→ Activity
The lines from the top of the material through the line with "132 Illinois Ave, Pontiac, MI" are to be set down exactly. Leave the pictures out.

→ Input
........
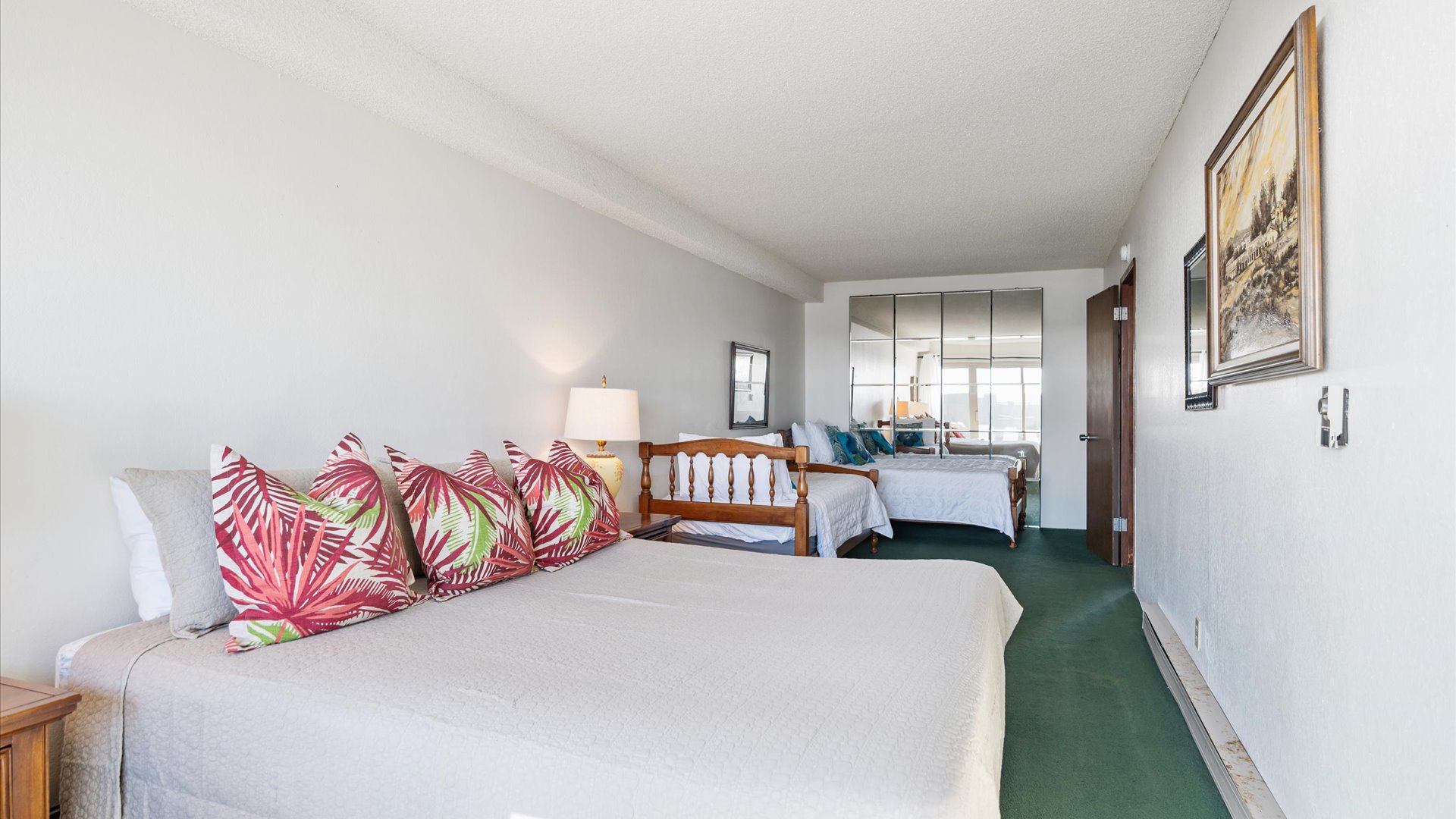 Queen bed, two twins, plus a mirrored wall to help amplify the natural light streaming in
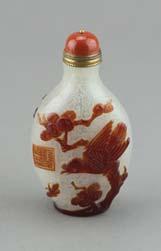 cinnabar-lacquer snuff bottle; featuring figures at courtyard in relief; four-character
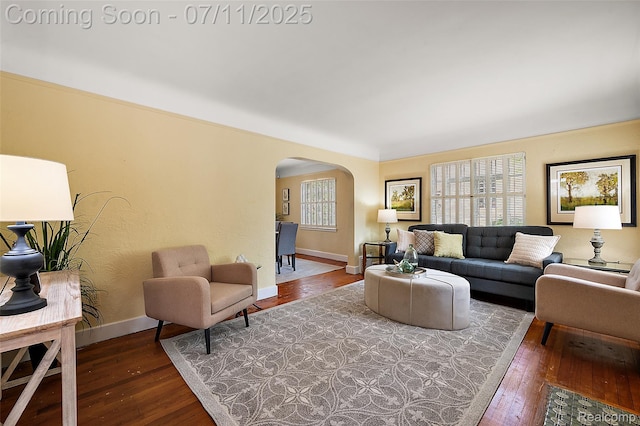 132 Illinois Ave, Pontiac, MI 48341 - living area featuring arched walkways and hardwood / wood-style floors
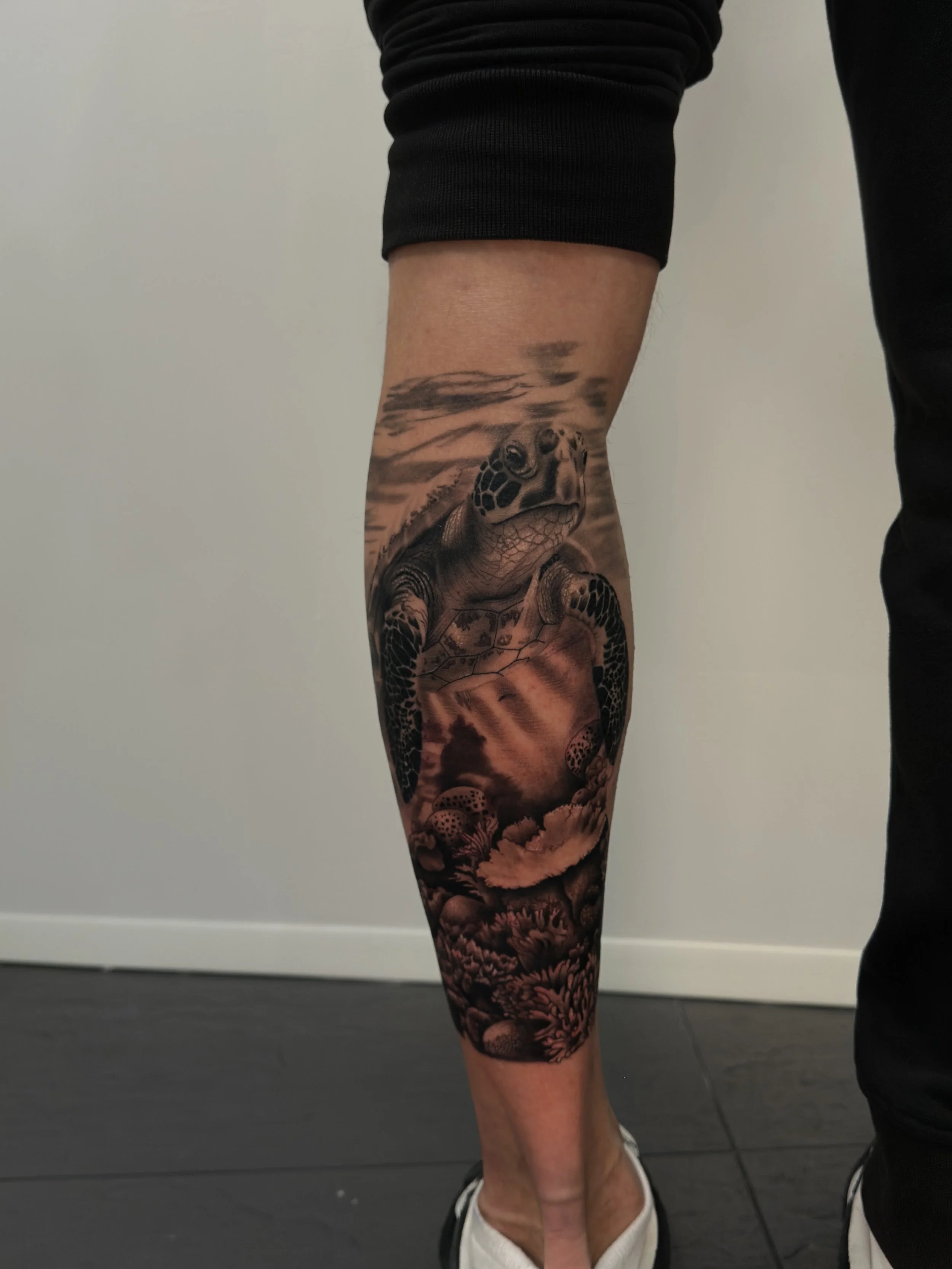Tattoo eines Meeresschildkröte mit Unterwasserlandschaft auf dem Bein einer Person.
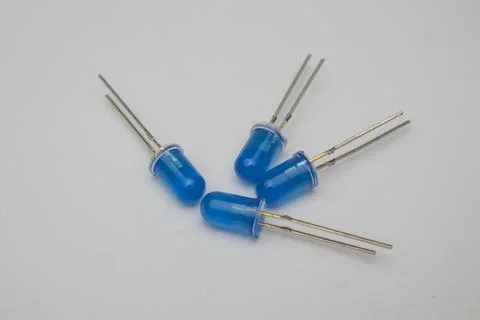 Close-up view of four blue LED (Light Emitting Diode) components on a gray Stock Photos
........
→ Completed exercise
 Queen bed, two twins, plus a mirrored wall to help amplify the natural light streaming in
 cinnabar-lacquer snuff bottle; featuring figures at courtyard in relief; four-character
 132 Illinois Ave, Pontiac, MI 48341 - living area featuring arched walkways and hardwood / wood-style floors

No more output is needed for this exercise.